Akhirnya terjadilah pernikahan antara lelaki yang sangat shālih dan mulia yang mengatakan:

أَنَا سَيِّدُ وَلَدِ آَدَمَ يَوْمَ اْلقِيَامَةِ وَلاَ فَخْرَ، وَبِيَدِيْ لِوَاءُ اْلحَمْدِ وَلاَ فَخْرَ، وَ مَا مِنْ نَبِيٍّ يَوْمَئِذٍ آَدَمُ فَمَنْ سِوَاهُ إِلاَّ تَحْتَ لِوَاءِيْ وَ أَنَا أَوَّلُ مَنْ تَنْشَقُّ عَنْهُ الأَرْضُ وَلاَ فَخْرَ.

“Aku adalah pemimpin anak Ādam pada hari kiamat dan bukannya sombong. Di tanganku bendera Al Hamd dan bukannya sombong, dan tidak ada seorang nabi pun, tidak pula Ādam juga yang lainnya ketika itu kecuali semua di bawah benderaku, dan aku orang pertama yang keluar dari tanah/kubur dan bukannya sombong.”

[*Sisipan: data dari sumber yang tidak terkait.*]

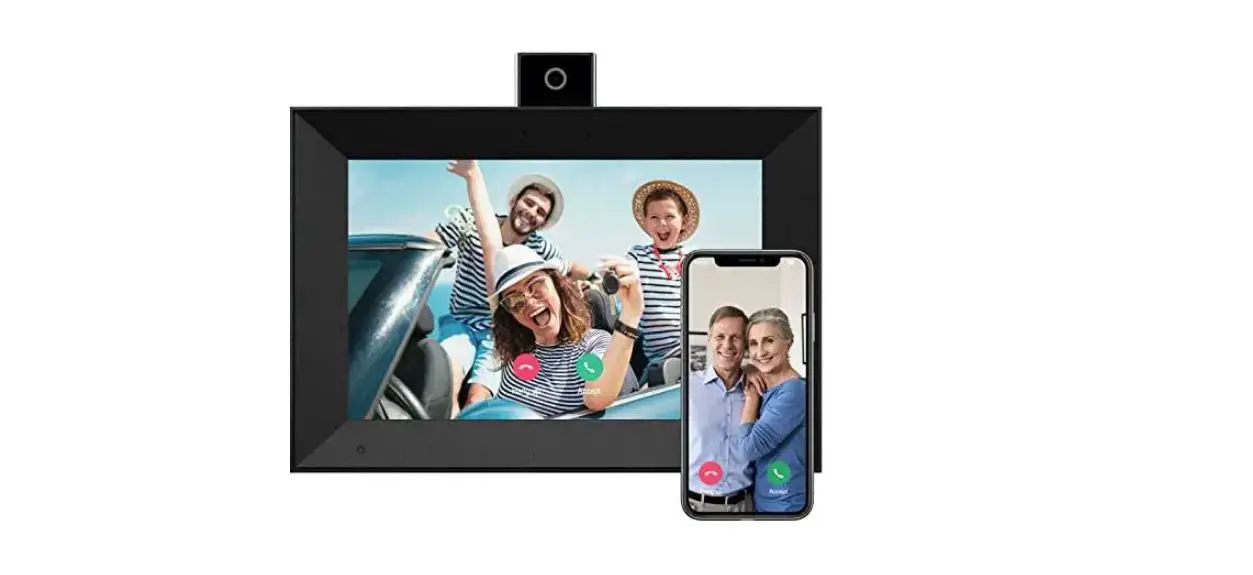 Humblestead Pf2152 21.5 Inch Smart Wifi Digital Photo Frame User Manual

(HR Ahmad, Muslim, Abū Dāwūd , Tirmidzi, Ibnu Mājah)

Rasūlullāh shallallāhu ‘alayhi wa sallam menikah dengan seorang wanita yang ‘afīfah (menjaga kehormatan), suci, mulia dan cerdas.

Semua sifat baik ini berkumpul pada Khadijah.

Termasuk juga berbagai macam keindahan, kecantikan wajah, kecantikan akal, akhlaq yang mulia serta harta yang banyak.

Demikian yang bisa disampaikan, In syā Allāh besok kita lanjutkan pada pembahasan selanjutnya.